Produce word for word the lines of the data below running from the one that has "Download Square Book" to the one that has "Cabin Tranquility Safe Wall Magnetic / M", inclusive, and no others.

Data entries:
※ ※ ※

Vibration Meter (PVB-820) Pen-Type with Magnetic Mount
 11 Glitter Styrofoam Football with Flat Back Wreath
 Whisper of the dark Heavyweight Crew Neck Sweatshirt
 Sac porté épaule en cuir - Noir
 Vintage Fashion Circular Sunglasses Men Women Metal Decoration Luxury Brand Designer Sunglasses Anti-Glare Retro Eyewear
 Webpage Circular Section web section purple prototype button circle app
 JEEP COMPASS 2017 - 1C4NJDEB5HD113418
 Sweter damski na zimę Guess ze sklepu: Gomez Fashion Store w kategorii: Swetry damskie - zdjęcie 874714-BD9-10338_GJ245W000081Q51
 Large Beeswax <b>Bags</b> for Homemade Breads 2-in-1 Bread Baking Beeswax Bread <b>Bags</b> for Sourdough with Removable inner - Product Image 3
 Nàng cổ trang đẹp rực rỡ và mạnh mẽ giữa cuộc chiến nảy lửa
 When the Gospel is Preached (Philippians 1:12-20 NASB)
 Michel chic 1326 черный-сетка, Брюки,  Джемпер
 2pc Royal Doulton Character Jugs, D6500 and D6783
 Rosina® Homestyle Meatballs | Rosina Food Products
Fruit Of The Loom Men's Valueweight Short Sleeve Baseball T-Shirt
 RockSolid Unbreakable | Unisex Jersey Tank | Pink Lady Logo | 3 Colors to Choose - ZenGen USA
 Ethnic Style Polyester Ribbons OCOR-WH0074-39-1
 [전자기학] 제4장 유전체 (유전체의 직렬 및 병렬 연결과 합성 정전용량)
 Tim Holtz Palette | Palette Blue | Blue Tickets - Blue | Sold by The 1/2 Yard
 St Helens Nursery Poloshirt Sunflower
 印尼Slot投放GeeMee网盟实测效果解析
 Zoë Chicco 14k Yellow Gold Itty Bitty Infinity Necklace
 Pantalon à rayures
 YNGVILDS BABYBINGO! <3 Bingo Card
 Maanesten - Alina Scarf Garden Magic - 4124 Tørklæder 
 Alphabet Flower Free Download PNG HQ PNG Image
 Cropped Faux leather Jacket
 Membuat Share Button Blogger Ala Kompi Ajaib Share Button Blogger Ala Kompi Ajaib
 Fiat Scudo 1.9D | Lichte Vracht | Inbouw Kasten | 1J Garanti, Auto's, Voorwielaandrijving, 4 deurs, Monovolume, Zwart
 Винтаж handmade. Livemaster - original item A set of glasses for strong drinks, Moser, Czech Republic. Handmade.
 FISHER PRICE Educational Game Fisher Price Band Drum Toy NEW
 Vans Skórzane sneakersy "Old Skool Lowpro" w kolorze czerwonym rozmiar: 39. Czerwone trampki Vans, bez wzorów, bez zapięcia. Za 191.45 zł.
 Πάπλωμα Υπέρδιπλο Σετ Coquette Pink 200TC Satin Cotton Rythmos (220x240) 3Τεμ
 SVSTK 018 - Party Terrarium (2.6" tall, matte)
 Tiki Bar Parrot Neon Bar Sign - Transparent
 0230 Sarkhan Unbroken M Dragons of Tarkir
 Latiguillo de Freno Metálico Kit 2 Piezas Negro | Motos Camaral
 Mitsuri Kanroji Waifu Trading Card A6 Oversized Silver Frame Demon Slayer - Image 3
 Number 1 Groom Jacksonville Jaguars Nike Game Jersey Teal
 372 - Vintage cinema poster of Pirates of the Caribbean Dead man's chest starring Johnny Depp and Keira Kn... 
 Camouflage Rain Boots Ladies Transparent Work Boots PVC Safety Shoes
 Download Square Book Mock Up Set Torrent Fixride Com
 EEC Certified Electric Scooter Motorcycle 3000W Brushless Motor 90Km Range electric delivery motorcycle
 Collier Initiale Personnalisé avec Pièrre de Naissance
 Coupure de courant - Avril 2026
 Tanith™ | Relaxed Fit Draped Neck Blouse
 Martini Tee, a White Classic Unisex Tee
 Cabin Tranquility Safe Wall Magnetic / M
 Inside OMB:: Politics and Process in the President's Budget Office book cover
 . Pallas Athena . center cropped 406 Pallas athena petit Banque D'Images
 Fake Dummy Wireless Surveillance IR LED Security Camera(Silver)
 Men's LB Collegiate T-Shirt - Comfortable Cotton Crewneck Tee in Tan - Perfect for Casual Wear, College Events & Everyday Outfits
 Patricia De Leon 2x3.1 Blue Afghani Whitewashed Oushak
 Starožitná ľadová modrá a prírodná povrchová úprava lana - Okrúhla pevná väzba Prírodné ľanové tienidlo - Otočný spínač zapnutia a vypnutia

※ ※ ※

_OUTPUT FOR THIS EXERCISE_
 Download Square Book Mock Up Set Torrent Fixride Com
 EEC Certified Electric Scooter Motorcycle 3000W Brushless Motor 90Km Range electric delivery motorcycle
 Collier Initiale Personnalisé avec Pièrre de Naissance
 Coupure de courant - Avril 2026
 Tanith™ | Relaxed Fit Draped Neck Blouse
 Martini Tee, a White Classic Unisex Tee
 Cabin Tranquility Safe Wall Magnetic / M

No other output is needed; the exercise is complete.